Pergi Tamasya ke Bina Ria: Dulu Kala Tempat Mangkalnya PSK di Ujung Ancol
SEAToday.com, Jakarta - Taman Impian jaya Ancol jadi kebanggaan wisata Jakarta. Taman hiburan tematik pertama di Indonesia itu mampu menarik minat warga Jakarta untuk tamasya. Pengunjung Ancol pun kian ramai saat menyambut HUT Kota Jakarta. Hiburan yang dihadirkan bejibun.
Kondisi itu jauh berbeda saat Taman Impian Jaya Ancol masih dikenal sebagai Taman Ria (Bina Ria). Hiburan yang ditawarkan bukan melulu urusan rekreasi, tapi urusan syahwat. Bina Ria jadi tempat mangkalnya muda-mudi dan Pekerja Seks Komersial (PSK). Begini Ceritanya.
Kekurangan tempat hiburan di Jakarta sudah jadi rahasia umum. Kekurangan itu turut dirasakan pula oleh Presiden Pertama Indonesia, Soekarno. Bung Karno mulai memikirkan pentingnya menghadirkan banyak tempat hiburan di Jakarta.
Bung Karno merasa rakyat Jakarta butuh hiburan, bukan cuma urusan makan. Rakyat butuh melepas penat dan bersenang-senang dengan biaya terjangkau. Ia ingin Jakarta mampu menghadirkan banyak hiburan seperti kota-kota besar di luar negeri.
Ia memiliki pandangan suatu kota paling tidak memiliki satu taman bermain besar serupa Disneyland. Bung Karno pun ingin 'menyulap' kawasan Ancol yang dipenuhi rawa-rawa jadi tempat hiburan.

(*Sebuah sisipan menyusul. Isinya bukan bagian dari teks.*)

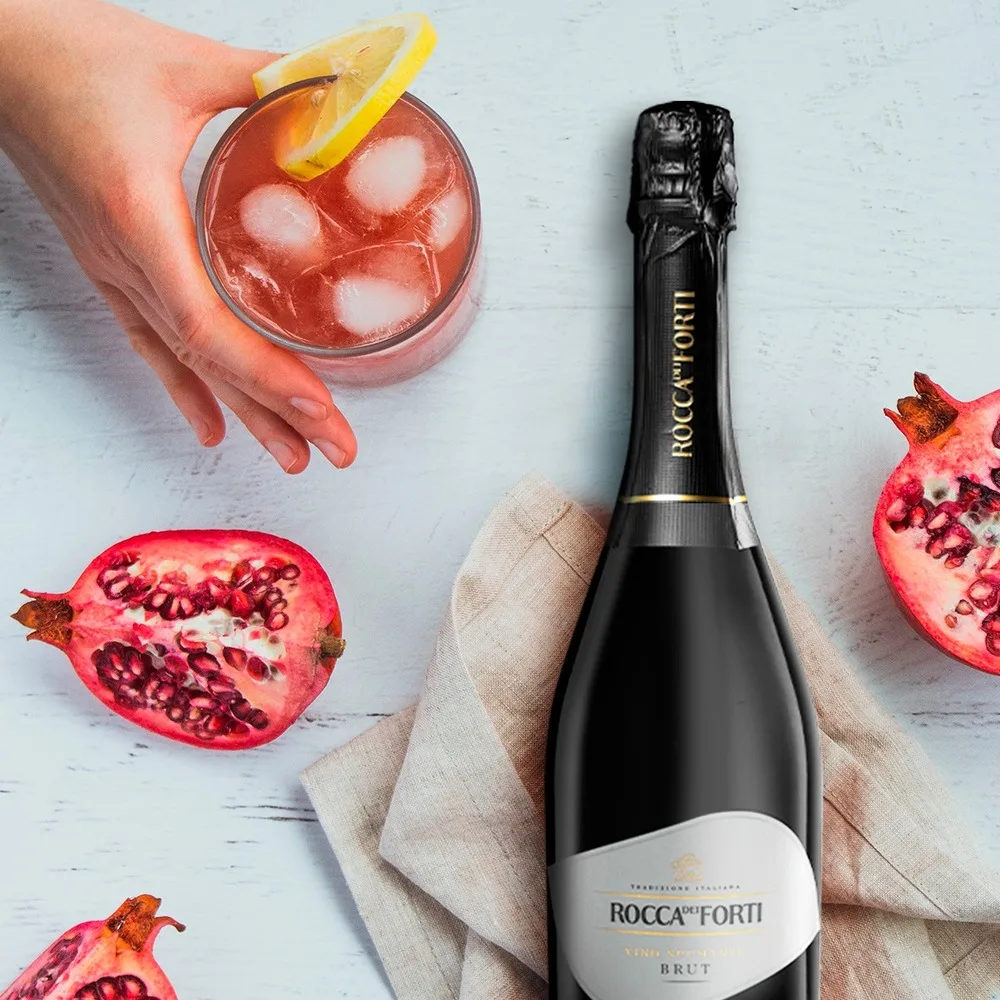  Итальянское Сверкающее вино Rocca dei Forti Brut 750 мл стеклянная бутылка оптовая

Keinginan itu lalu coba direalisasikan sebagai Proyek Ancol.
“Saya patut mengingatkan bahwa Proyek Ancol merupakan gagasan Bung Karno. Beliaulah yang pertama-tama menyuguhkan gambarannya, supaya rawa-rawa itu ditenun jadi tempat bersantai-santai, bersenang-senang,” ungkap Ali Sadikin ditulis Ramadhan K.H. dalam buku Bang Ali: Demi Jakarta 1966-1977 (1992).
Keinginan itu sempat dibebankan kepada Gubernur DKI, Soemarno Sosroatmodjo pada 1960-an. Namun, progresnya tak cepat. Ali Sadikin pun datang dan mengubah segalanya. Gubernur DKI Jakarta era 1966-1977 segera menjalankan dan menuntaskan proyek Ancol.
Hasilnya pusat hiburan itu hadir pada 1967. Orang-orang mengenalnya sebagai Taman Rekreasi Bina Ria Ancol. Fasilitas di dalamnya serba lengkap. Ada pantai, taman hiburan, bioskop drive-in, motel, cottage, klub malam, dan gedung perjudian.
Beda Pagi, Beda Malam
Kehadiran Bina Ria disambut dengan antusias oleh segenap warga Jakarta. Saban hari warga Jakarta datang berbondong-bondong ke Bina Ria. Apalagi, karsis masuknya cukup murah. Orang dewasa dibandrol Rp10, anak-anak Rp5, mobil Rp50, motor/bemo Rp10, serta sepeda Rp5.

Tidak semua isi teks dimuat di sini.